* [What needs to be done] Everything in the entries below must be reproduced exactly, except the images.

Content starts

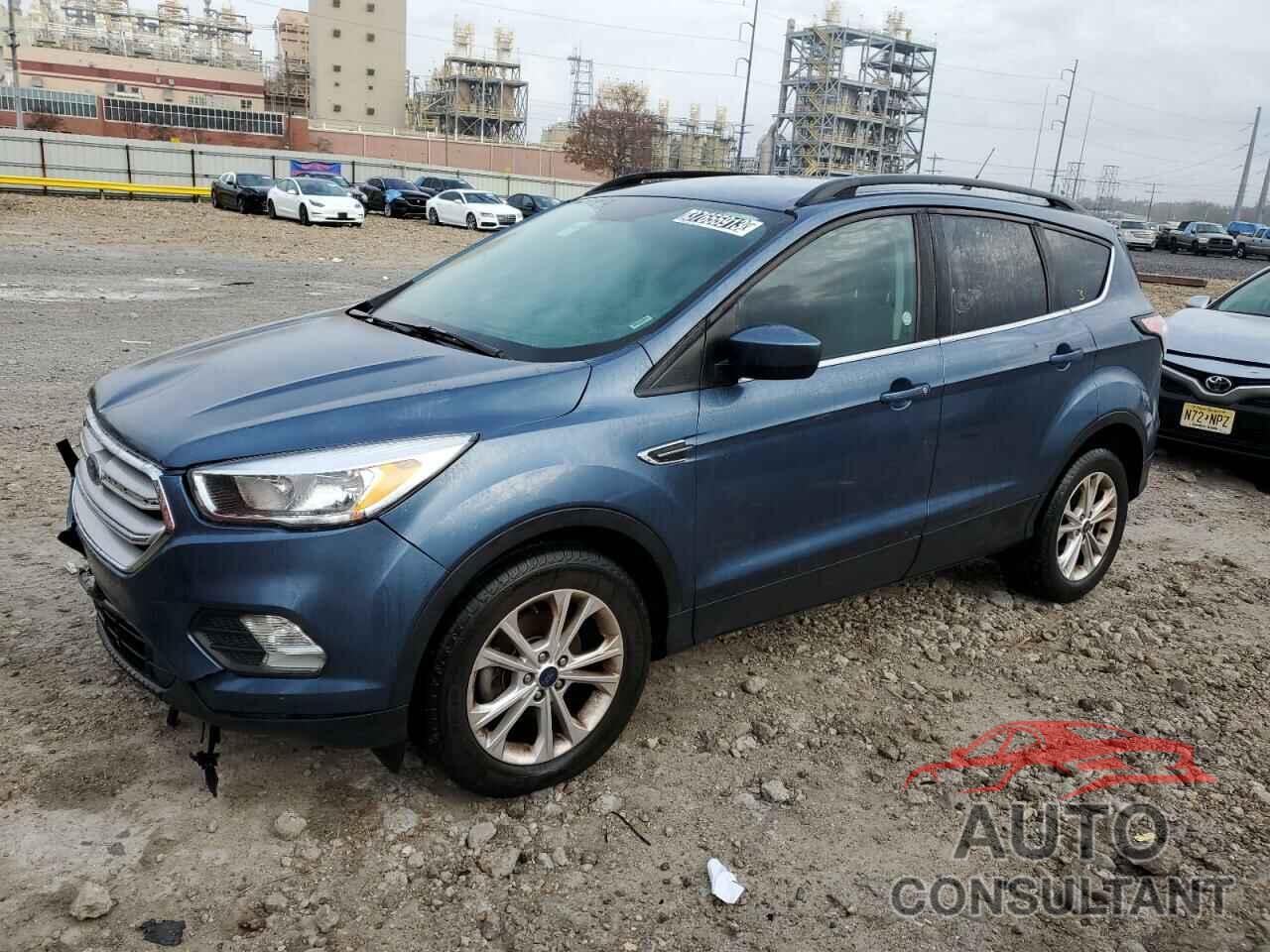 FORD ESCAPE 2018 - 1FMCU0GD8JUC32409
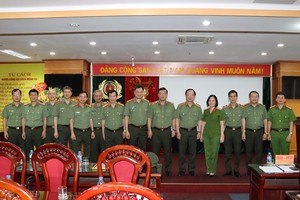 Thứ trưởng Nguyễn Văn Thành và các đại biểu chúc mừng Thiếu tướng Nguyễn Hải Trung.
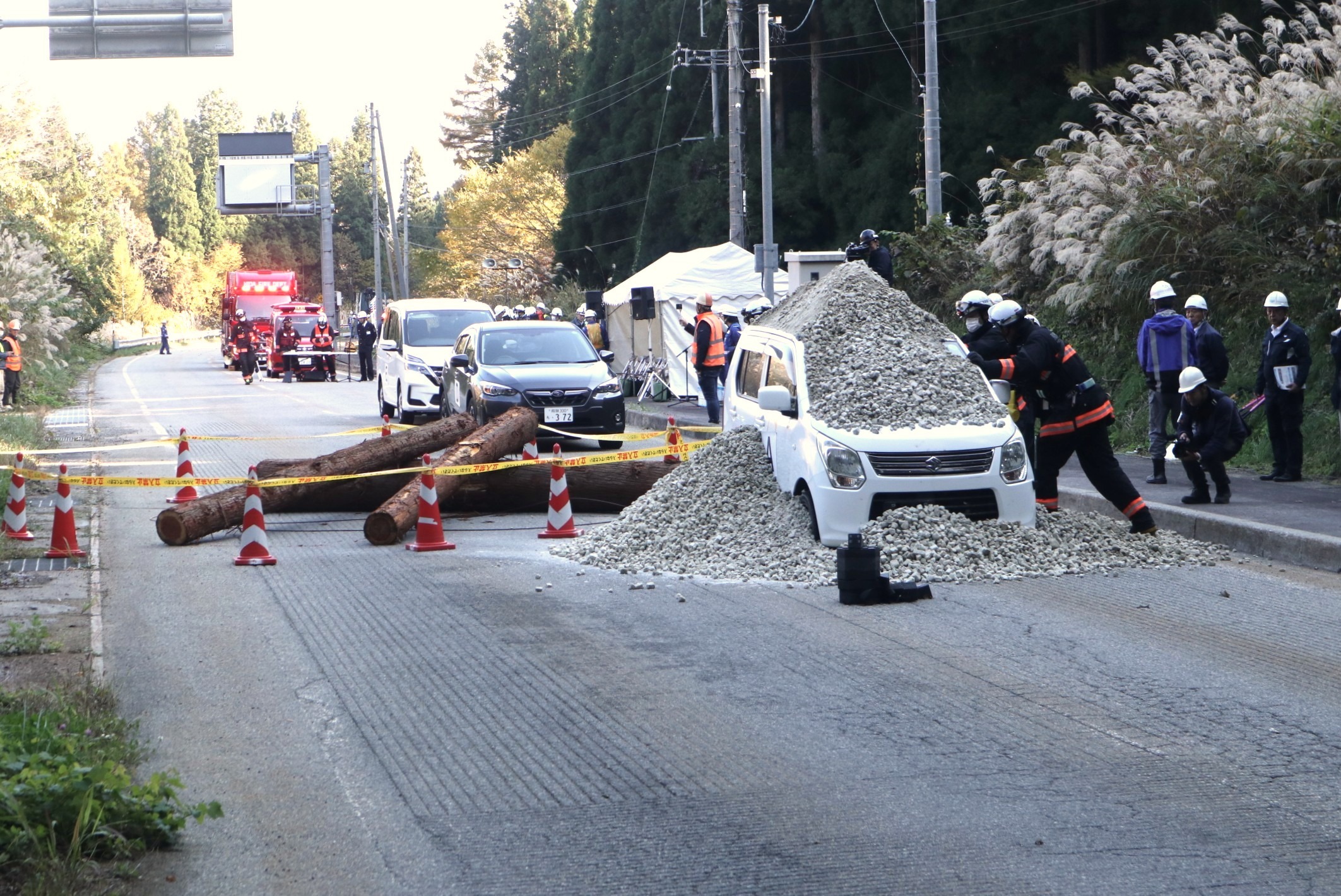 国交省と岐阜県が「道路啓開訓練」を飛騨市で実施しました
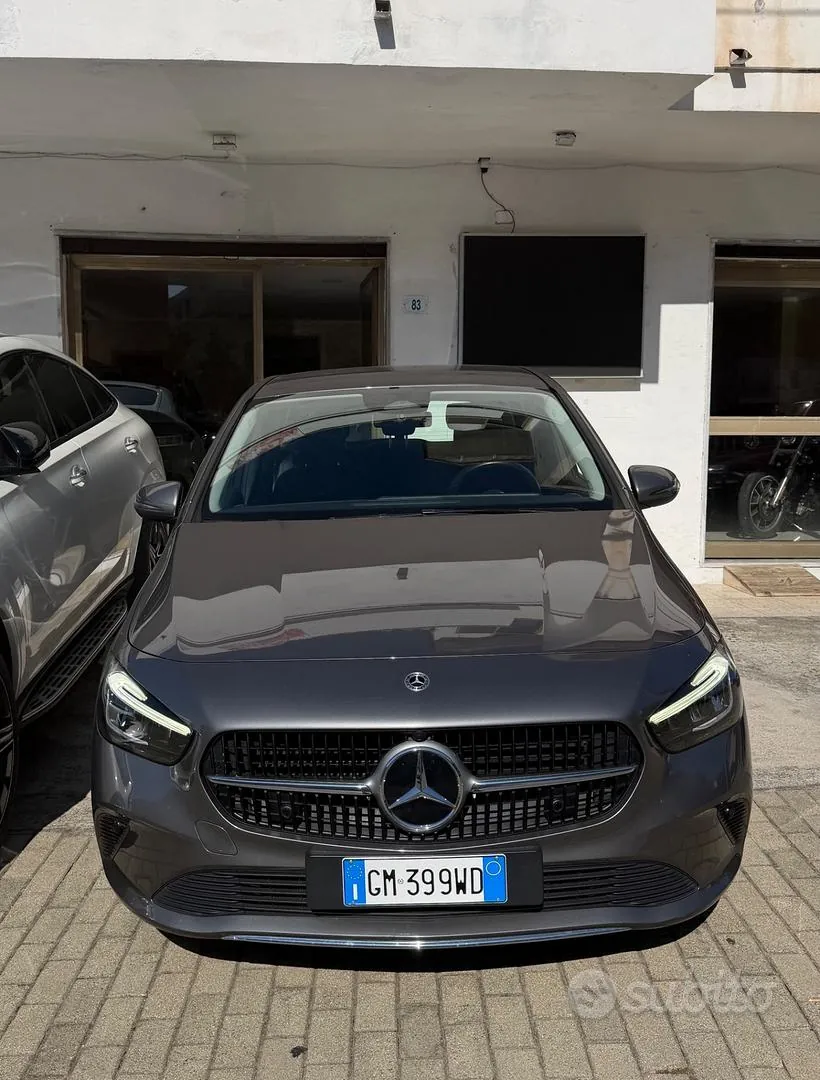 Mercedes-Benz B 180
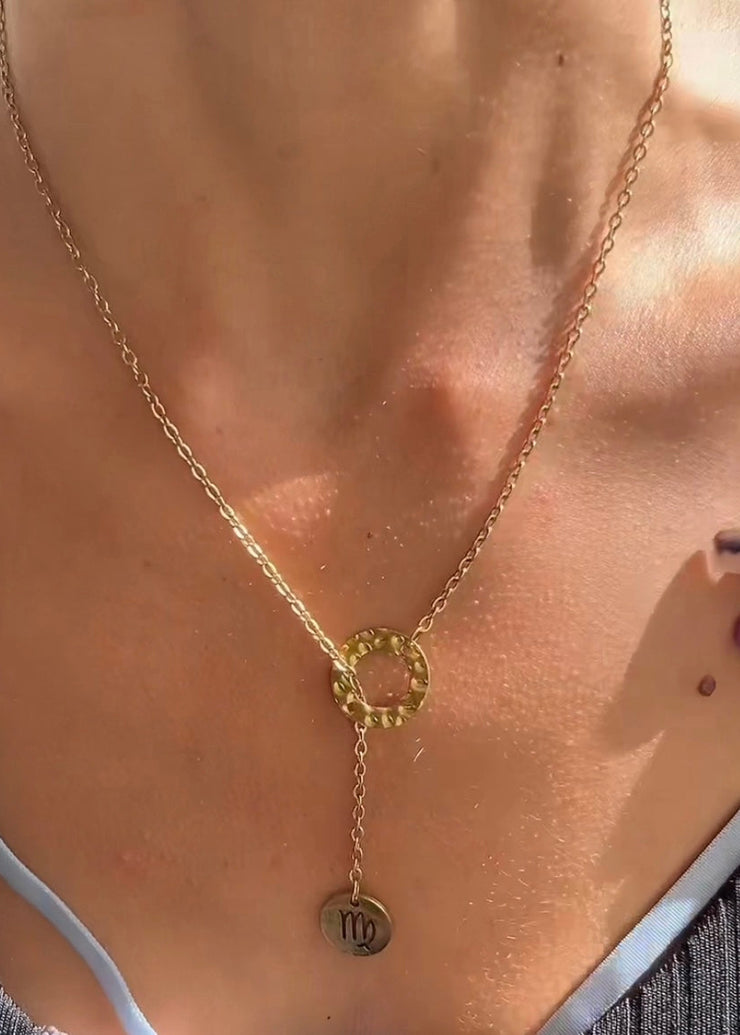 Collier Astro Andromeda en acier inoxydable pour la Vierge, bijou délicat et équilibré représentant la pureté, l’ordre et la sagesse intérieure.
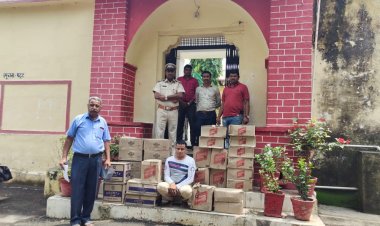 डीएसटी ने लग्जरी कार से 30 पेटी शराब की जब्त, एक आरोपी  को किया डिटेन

Content ends

* [Exercise output]
 FORD ESCAPE 2018 - 1FMCU0GD8JUC32409
 Thứ trưởng Nguyễn Văn Thành và các đại biểu chúc mừng Thiếu tướng Nguyễn Hải Trung.
 国交省と岐阜県が「道路啓開訓練」を飛騨市で実施しました
 Mercedes-Benz B 180
 Collier Astro Andromeda en acier inoxydable pour la Vierge, bijou délicat et équilibré représentant la pureté, l’ordre et la sagesse intérieure.
 डीएसटी ने लग्जरी कार से 30 पेटी शराब की जब्त, एक आरोपी  को किया डिटेन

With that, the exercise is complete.